Part I. Greek

1. Venus And Adonis

Of all Shakespeare's writings, Venus and Adonis is the most straightforwardly mythological and traces farthest backward (if only dimly so) in history. For that reason, I will begin with it.

Earl of Southampton

"Venus and Adonis" bears a dedication:

To the Right Honourable Henry Wriothesley, Earl of South ampton, and Baron of Tichfield.

-Dedication


Southampton was a well-educated youth of considerable wealth, who was presented at the court of Queen Elizabeth I in 1590, while he was still a boy in his teens. He quickly became a generous patron of poets, Shakespeare among them.

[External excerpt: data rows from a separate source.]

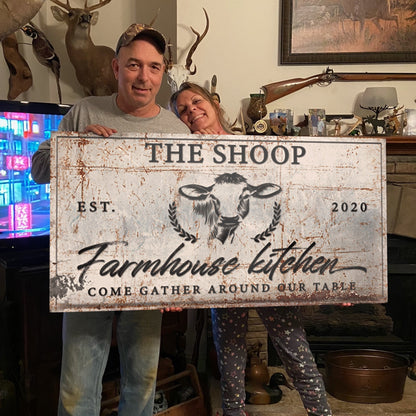 Farmhouse Kitchen Sign canvas with distressed cream finish and black script held by couple on Tampa Home & Garden Store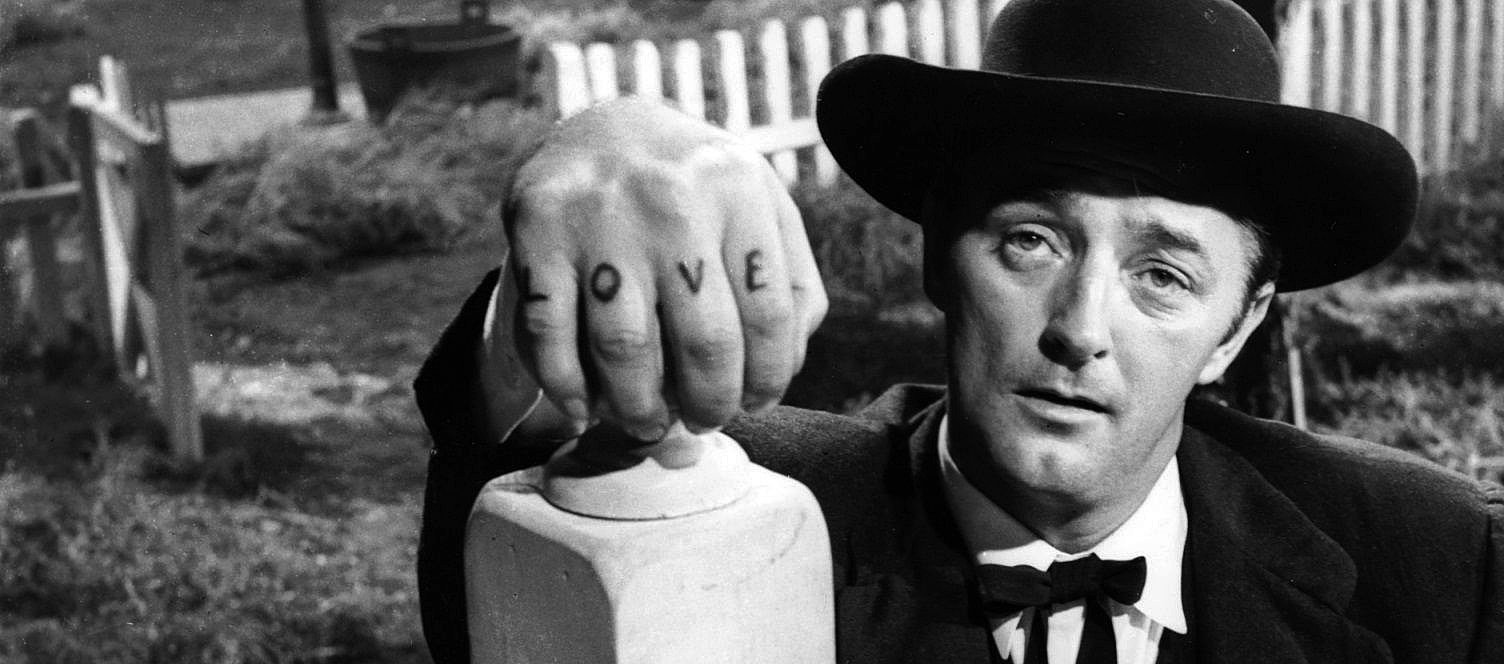 Robert Mitchum as the minister with the fist tattooed with "LOVE"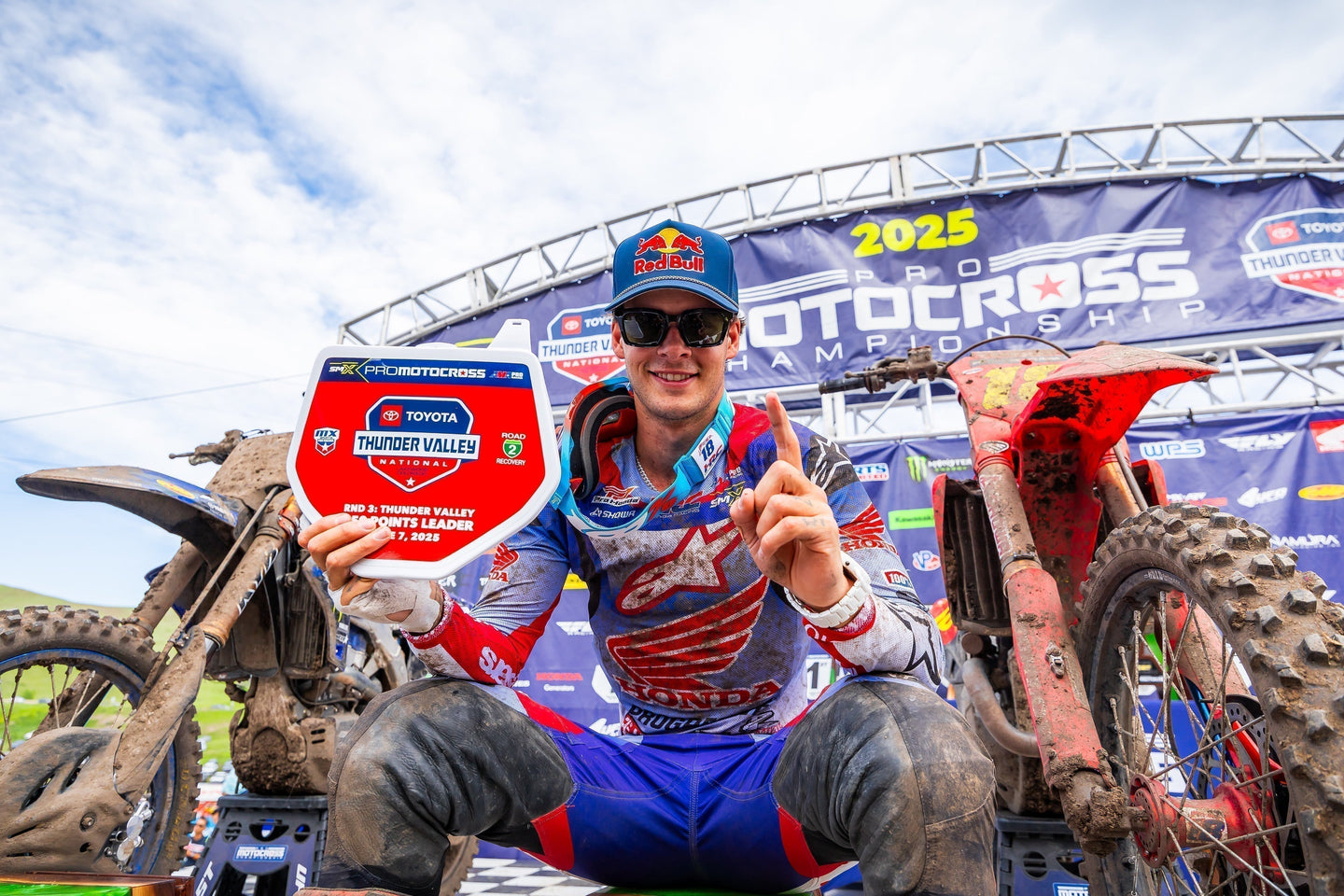 Motocross champion Jett Lawrence celebrating a win wearing an Alpinestars blue and red jersey.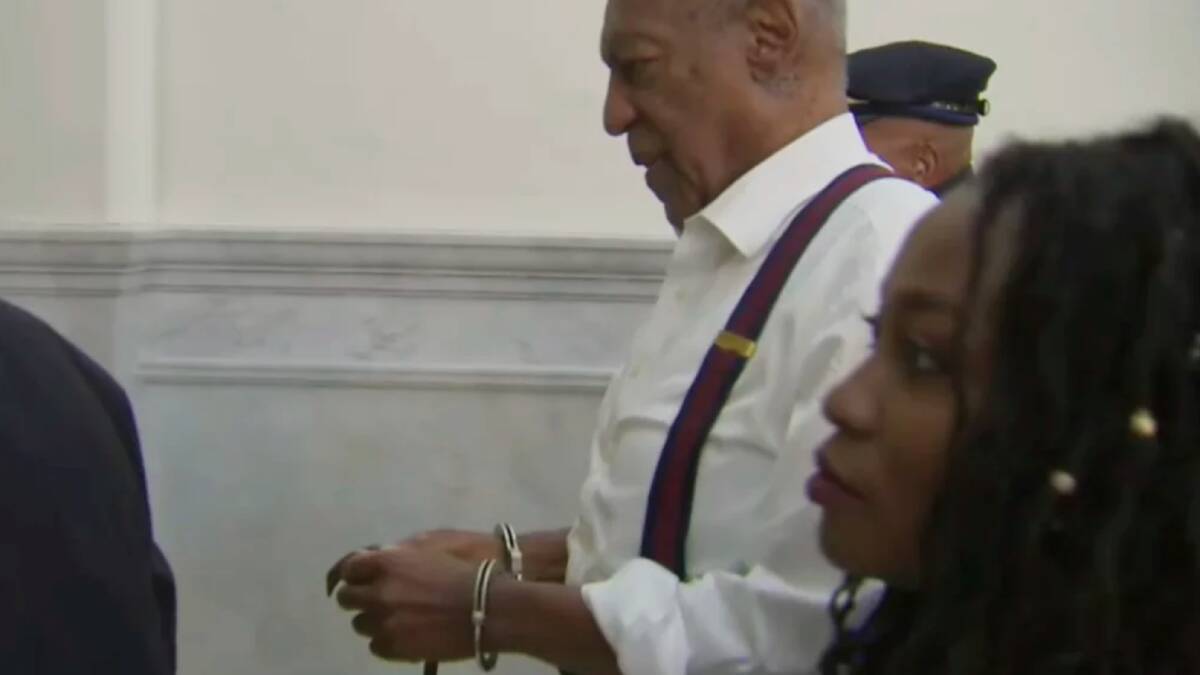 Bill Cosby is led away in handcuffs after he was sentenced. Photo: AP
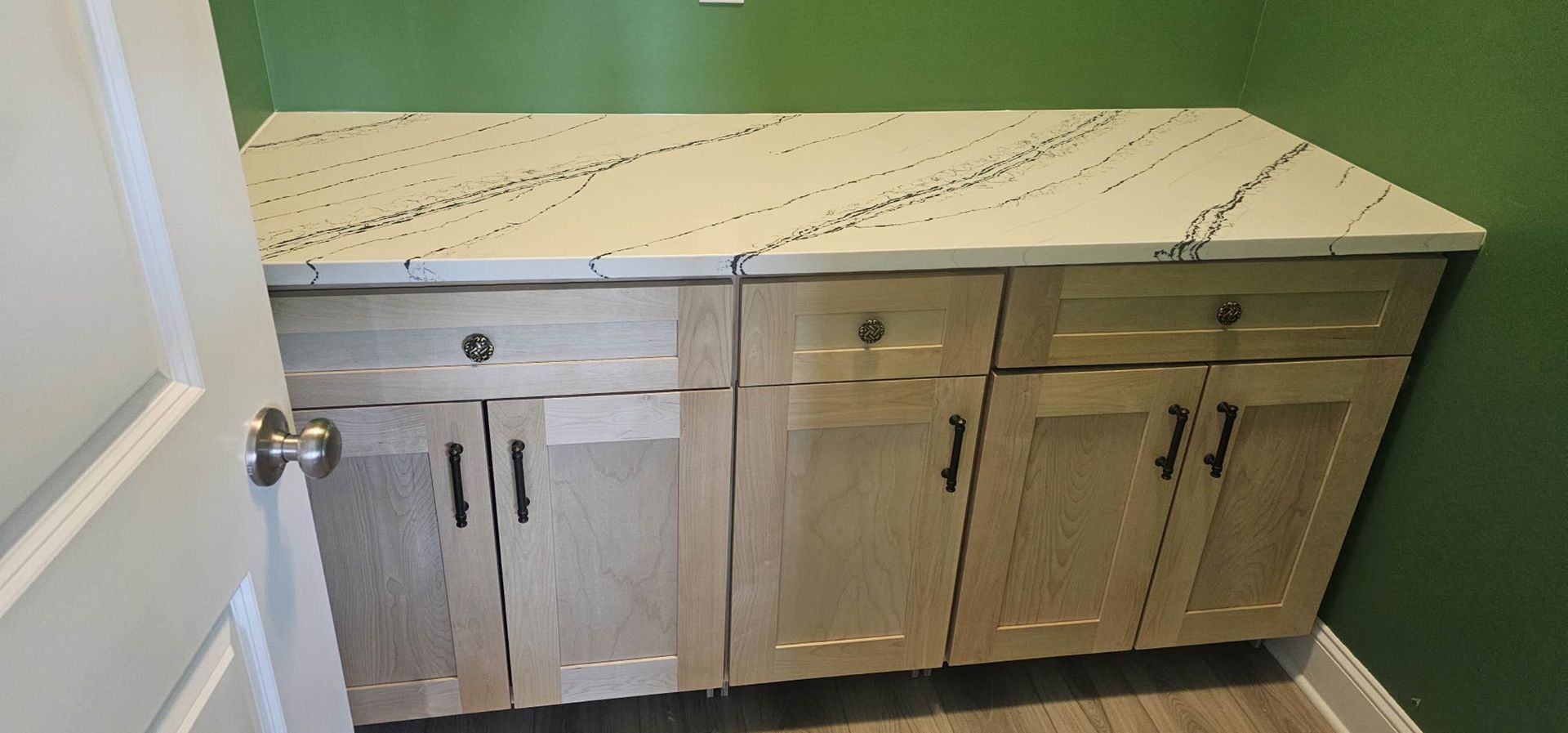 A kitchen with wooden cabinets and a white counter top.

It is suggested that one of Shakespeare's early plays, Love's Labor's Lost (see page I-421) was written for a premiere performance at Southampton's house before an assemblage of his friends and guests. If so, the play must have pleased Southampton tremendously; his patronage to Shakespeare extended (so at least one report goes) to the gift of a thousand pounds-an enormous sum in those days-for the completion of some purchase. Perhaps it is no wonder, then, that Shakespeare made his dedication to Venus and Adonis florid, indeed.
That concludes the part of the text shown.